>>>

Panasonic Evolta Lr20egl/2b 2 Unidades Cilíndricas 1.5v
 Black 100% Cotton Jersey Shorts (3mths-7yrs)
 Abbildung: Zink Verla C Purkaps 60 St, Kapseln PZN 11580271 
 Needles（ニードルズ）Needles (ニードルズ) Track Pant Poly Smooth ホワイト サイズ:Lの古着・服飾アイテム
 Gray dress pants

<<<

**Task directions**
An exact retyping of every line in the records is needed.

**Answer space**
Panasonic Evolta Lr20egl/2b 2 Unidades Cilíndricas 1.5v
 Black 100% Cotton Jersey Shorts (3mths-7yrs)
 Abbildung: Zink Verla C Purkaps 60 St, Kapseln PZN 11580271 
 Needles（ニードルズ）Needles (ニードルズ) Track Pant Poly Smooth ホワイト サイズ:Lの古着・服飾アイテム
 Gray dress pants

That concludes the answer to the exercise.